• _How to complete this task_: From the listing below, copy only the lines from the line that contains "Хетчбек Ford Focus 2012 в Одесі фото" to the line that contains "4 Acres of Land", counting those two lines as part of the copy.

• _Data for the task_:
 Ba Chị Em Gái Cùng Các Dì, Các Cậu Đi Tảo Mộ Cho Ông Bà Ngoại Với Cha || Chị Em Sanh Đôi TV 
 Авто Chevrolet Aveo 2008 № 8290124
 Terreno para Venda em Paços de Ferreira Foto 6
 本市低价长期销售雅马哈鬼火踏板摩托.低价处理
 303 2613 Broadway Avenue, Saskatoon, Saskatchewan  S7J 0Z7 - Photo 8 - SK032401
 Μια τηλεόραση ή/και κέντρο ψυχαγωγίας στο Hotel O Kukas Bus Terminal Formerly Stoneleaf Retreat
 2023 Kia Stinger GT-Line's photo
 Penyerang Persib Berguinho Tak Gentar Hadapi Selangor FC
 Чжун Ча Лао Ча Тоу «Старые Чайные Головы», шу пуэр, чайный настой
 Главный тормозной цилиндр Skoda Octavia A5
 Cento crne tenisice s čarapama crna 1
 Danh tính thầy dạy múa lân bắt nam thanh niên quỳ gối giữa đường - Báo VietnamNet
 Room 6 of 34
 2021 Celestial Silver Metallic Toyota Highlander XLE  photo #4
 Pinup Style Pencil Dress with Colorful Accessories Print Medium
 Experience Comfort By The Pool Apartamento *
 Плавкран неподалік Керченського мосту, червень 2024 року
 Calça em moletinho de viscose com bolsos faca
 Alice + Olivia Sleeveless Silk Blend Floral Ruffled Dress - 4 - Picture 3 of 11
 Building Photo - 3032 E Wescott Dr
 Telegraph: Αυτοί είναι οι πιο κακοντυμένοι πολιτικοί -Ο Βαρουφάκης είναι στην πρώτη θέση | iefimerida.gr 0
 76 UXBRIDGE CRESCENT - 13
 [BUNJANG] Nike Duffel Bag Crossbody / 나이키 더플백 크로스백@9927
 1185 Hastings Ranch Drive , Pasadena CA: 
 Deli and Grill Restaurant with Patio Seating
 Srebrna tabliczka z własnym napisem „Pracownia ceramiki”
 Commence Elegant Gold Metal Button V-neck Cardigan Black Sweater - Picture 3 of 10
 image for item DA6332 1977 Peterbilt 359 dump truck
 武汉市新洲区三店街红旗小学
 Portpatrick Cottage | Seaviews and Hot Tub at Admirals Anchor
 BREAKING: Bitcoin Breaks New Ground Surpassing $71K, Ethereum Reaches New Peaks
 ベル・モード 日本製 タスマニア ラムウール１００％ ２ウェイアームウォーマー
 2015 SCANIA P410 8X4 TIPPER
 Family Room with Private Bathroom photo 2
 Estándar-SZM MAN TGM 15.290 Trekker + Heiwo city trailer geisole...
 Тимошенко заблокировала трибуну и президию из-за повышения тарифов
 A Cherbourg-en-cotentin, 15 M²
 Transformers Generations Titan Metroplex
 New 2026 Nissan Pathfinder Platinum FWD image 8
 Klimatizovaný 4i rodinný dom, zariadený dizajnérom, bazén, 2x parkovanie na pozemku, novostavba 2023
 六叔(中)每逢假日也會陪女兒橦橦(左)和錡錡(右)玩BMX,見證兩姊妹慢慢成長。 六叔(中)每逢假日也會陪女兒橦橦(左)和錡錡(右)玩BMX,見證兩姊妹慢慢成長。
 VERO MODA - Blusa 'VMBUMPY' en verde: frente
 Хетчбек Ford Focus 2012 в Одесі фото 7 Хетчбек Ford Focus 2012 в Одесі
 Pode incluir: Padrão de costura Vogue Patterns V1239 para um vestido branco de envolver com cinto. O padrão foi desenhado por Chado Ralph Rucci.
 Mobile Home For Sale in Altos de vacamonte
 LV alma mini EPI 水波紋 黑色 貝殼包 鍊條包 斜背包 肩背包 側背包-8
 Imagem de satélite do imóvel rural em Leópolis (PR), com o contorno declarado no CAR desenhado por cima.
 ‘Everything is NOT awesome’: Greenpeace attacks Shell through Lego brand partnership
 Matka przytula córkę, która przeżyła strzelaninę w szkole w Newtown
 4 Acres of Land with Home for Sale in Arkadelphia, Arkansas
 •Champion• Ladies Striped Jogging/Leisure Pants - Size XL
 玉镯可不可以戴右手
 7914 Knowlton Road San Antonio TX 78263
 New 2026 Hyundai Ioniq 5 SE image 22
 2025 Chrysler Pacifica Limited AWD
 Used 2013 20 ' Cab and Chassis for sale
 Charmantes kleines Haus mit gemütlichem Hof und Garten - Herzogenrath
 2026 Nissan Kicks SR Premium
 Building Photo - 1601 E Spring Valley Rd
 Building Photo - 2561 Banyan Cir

• _Exercise response_:
 Хетчбек Ford Focus 2012 в Одесі фото 7 Хетчбек Ford Focus 2012 в Одесі
 Pode incluir: Padrão de costura Vogue Patterns V1239 para um vestido branco de envolver com cinto. O padrão foi desenhado por Chado Ralph Rucci.
 Mobile Home For Sale in Altos de vacamonte
 LV alma mini EPI 水波紋 黑色 貝殼包 鍊條包 斜背包 肩背包 側背包-8
 Imagem de satélite do imóvel rural em Leópolis (PR), com o contorno declarado no CAR desenhado por cima.
 ‘Everything is NOT awesome’: Greenpeace attacks Shell through Lego brand partnership
 Matka przytula córkę, która przeżyła strzelaninę w szkole w Newtown
 4 Acres of Land with Home for Sale in Arkadelphia, Arkansas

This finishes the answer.